Polarisasi seperti ini membuat Jokowi seperti tangan yang berada di antara dua bola latto-latto yang saling berbenturan. Jokowi menjadi penggerak sekaligus penentu awal dan akhir permainan.

Politik Indonesia pun menjadi sangat Jokowi-sentris

Kedua kutub pemilih dalam polarisasi ini telah terlalu memitoskan Jokowi. Di satu sisi, bagi yang menyukainya, Jokowi dibayangkan sebagai figur penguasa yang baik dan merakyat. Sementara, bagi yang membencinya, Jokowi digambarkan sebagai penguasa zalim yang bahkan dituduh komunis. Dua gambaran yang tercipta ini sama fanatiknya dalam mematikan rasionalitas.
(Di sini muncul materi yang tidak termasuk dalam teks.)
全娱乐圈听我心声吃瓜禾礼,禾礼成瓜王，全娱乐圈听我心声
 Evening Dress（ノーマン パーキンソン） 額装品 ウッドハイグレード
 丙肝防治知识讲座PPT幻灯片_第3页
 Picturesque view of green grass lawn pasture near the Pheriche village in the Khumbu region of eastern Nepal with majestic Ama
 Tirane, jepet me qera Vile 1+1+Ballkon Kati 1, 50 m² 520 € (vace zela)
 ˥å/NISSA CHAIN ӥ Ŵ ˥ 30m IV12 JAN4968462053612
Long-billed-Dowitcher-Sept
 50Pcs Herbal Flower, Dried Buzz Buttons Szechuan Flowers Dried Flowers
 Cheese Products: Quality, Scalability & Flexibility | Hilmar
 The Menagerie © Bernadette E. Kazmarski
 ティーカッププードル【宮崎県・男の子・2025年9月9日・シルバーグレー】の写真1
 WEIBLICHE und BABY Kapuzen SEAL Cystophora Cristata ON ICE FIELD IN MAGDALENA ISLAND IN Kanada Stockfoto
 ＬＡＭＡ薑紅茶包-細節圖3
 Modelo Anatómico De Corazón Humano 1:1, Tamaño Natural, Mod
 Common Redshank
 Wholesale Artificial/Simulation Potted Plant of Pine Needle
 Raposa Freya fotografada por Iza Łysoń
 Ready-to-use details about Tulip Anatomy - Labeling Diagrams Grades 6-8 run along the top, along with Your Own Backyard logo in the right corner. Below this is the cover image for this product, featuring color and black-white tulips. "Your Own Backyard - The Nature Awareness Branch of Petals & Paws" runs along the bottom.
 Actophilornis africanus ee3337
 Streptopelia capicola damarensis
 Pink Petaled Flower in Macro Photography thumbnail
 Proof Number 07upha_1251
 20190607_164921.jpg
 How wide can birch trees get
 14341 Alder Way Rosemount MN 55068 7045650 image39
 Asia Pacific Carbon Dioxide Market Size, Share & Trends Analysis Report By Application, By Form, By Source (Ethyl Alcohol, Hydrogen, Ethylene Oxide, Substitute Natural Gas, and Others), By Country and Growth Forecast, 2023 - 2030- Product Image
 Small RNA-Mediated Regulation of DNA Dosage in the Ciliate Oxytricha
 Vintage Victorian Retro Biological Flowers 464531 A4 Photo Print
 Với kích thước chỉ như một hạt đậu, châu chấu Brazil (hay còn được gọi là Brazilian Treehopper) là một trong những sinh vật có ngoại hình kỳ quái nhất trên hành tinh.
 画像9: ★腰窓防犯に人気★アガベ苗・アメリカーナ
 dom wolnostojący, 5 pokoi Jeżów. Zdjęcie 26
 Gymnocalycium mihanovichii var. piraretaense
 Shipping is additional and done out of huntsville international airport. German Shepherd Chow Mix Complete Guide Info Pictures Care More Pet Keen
Politik yang dilandaskan pada perasaan suka dan tidak suka semacam ini membuat demokrasi Indonesia serasa seperti slogan saja. Demokrasi yang idealnya mengandaikan pemilih rasional yang memilih pemimpin berdasarkan kalkulasi untung rugi telah kehilangan identitasnya.

Konsep demokrasi sebagai produk abad pencerahan modern, yang mengandaikan pertarungan rasionalitas dengan produk politik yang juga rasional telah mati, atau memang tidak pernah ada di Indonesia.

Demokrasi yang ada saat ini adalah demokrasi yang  jatuh pada perasaan-perasaan. Demokrasi yang lebih mirip tirani mayoritas daripada kontestasi rasionalitas.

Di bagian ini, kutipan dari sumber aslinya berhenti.